Tele-ekrandaki kadın, "Smith!" The woman on the telescreen says, "Smith!" diye bağırdı şirret bir sesle. "6079 Smith W! Evet, sen! Biraz daha eğilir misin, lütfen! Could you bend over a little more, please! Bence daha iyisini yapabilirsin. I think you can do better. Kendini vermiyorsun ki. You don't give yourself Az daha eğil, lütfen! Just bend over, please! Tamam, böyle daha iyi, yoldaş. Okay, that's better, comrade. Şimdi rahat! Comfy now! Herkes beni izlesin." Everyone follow me." Winston birden tepeden tırnağa tere batmıştı. Winston was suddenly covered in sweat from head to toe. Ama yüzünden hiçbir şey anlaşılmıyordu. But because of it, nothing was intelligible. Korkunu asla gösterme! Öfkeni asla belli etme! Never show your anger! Gözlerindeki ufacık bir kıpırtı seni ele verebilir. The slightest flicker in your eyes can give you away. Winston durduğu yerden, kollarını başının üzerine kaldıran ve –zarafetle değilse bile, olağanüstü bir beceri ve ustalıkla– öne eğilerek el parmaklarının ilk eklemini ayak parmaklarına değdiren eğitmeni izledi. From where he stood, Winston watched the instructor raise his arms above his head and lean forward—if not gracefully, with extraordinary skill and dexterity—the first knuckle of his fingers touching the toes.
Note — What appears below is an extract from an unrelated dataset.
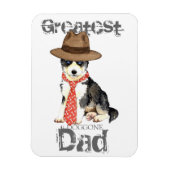 Husky Vater Magnet (Vertikal)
"Tamam mı, yoldaşlar! "Okay, comrades! Aynen böyle yapmanızı istiyorum. Bir bakın bana. Otuz dokuz yaşındayım ve dört çocuk doğurdum. Şimdi beni izleyin. Yeniden öne eğildi. He leaned forward again. "Bakın, dizlerimi bükmüyorum." "Look, I'm not bending my knees." Sonra yeniden doğrulurken, "Hepiniz yapabilirsiniz, yeter ki isteyin," diye ekledi. Then, straightening up again, he added, "You can all do it, just ask." "Kırk beş yaşının altındaki herkes pekâlâ ayak parmaklarına dokunabilir. “Anyone under the age of forty-five may well touch their toes. Gerçi hepimiz ön saflarda savaşma ayrıcalığına sahip değiliz, ama hiç değilse hepimiz bedenimizi sağlam tutabiliriz. Although not all of us have the privilege of fighting on the front lines, at least we can all keep our bodies intact. Malabar cephesindeki evlatlarımızı anımsayın! Remember our sons on the Malabar front! Yüzen Kaleler'deki denizcileri anımsayın! Onların neler çektiklerini bir düşünün," dedi ve "Haydi bakalım, şimdi yeniden deneyin. Think about what they've been through,” he said, and “Come on, try again now. Evet, şimdi daha iyi, yoldaş, şimdi çok daha iyi,"diye ekledi yüreklendirici bir sesle. Yes, it's better now, comrade, much better now," he added encouragingly. Winston, büyük bir çaba göstererek, yıllardır ilk kez dizlerini bükmeden ayak parmaklarına dokunmayı başardı. With great effort, Winston was able to touch his toes without bending his knees for the first time in years.